Traditional school selection–built on relevant majors, degree completions data, and prestige rankings–wasn’t designed for a market that is changing so rapidly. Instead, employers must go granular.
Because AI has yet to be standardized across institutional systems, the key question is one of finding communities and spaces where students exhibit personal interest in AI, especially if that interest is shown via AI’s application in projects.
When finding students interested in researching AI itself, university AI institutes are a key starting point. Nearly every major university has established some form of AI research hub, with some even having individual hubs for specific topics, like Purdue’s Supply Chain AI Consortium. These hubs serve as a key way to find students who are deeply interested in cutting-edge academic research initiatives around AI.
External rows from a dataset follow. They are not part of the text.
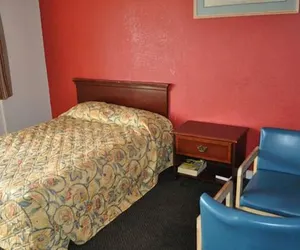 Photo 4 - Belmont Inn And Suites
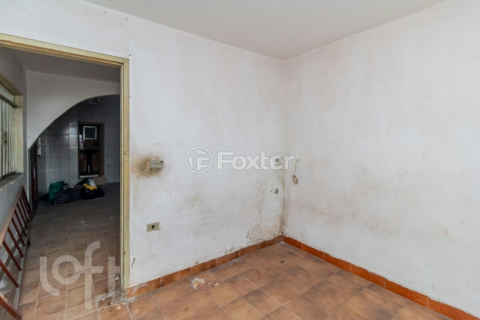 Image 38 - 892038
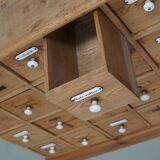 Armoire d'apothicaire allemande antique en pin avec boucliers en émail, années 1900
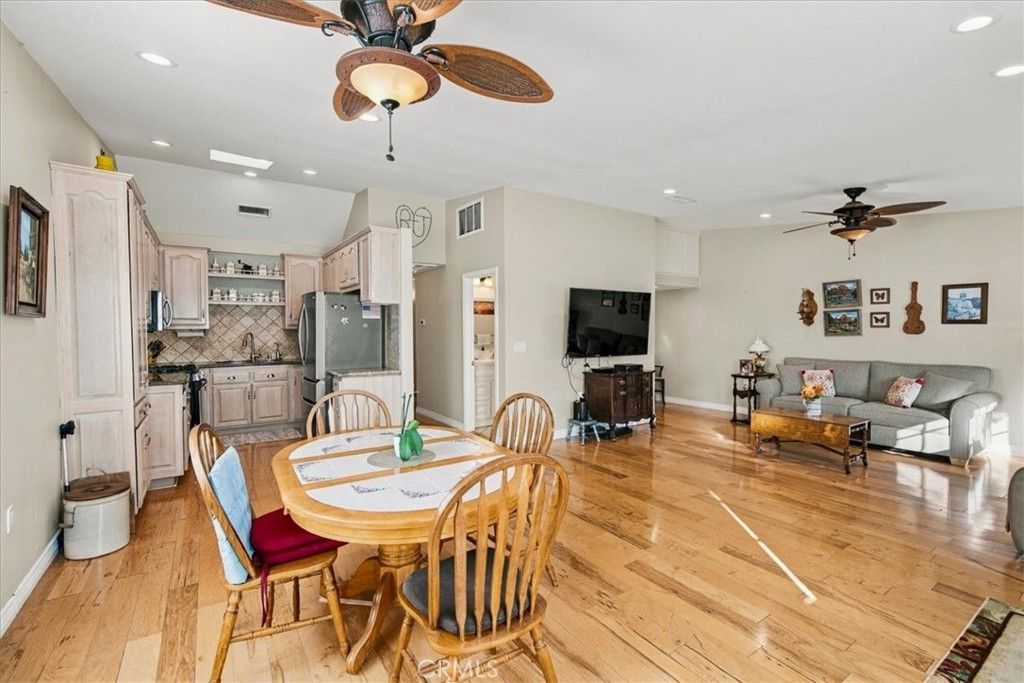 19237 Avenue Of The Oaks D, Newhall, CA 91321 — photo 5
Competitive events are another useful way to reach technical talent that is enthusiastic about applying AI skills. Events like UC Berkeley’s AI Hackathon gather hundreds of students to complete projects solving example challenges with AI and other related skills.
Both of these sources, though, primarily gather students with tech and engineering backgrounds–what about students in business and other fields? This is where student clubs prove invaluable.
On-campus student organizations are critical to any precision sourcing strategy because they allow you to identify not only specific skills you’re seeking, but also the context in which they’re being applied. Organizations combine cutting-edge tech skills with a broad range of student interests, from business to healthcare to aerospace engineering.
By evaluating schools granularly, hiring teams ensure school lists include the niche talent types demanded by the business.
Veris Insight’s AI TalentScout is helping hundreds of Fortune 1000 early careers teams engage technical talent communities. By searching using a taxonomy of tech skills and the fields in which students are applying them, recruiting teams can instantly generate a list of communities that are innovating across tech skills, including AI/ML, blockchain, cloud engineering, and more, at over 100 top U.S. universities.
When the time comes to audit your school lists, pulling a list of these communities across high-priority skills allows recruiting teams to evaluate whether students are genuinely excited in organizing around and applying AI.
What This Means for Early Careers Teams
With tech skills expanding rapidly and business leaders raising the bar for basic technical proficiency, school strategies have to evolve to keep pace with the market. Degree offerings and rankings are lagging indicators. The employers who will win in today’s talent market are the ones looking where others aren’t, like student organizations, project-based labs, and hackathons, where students are already building with AI.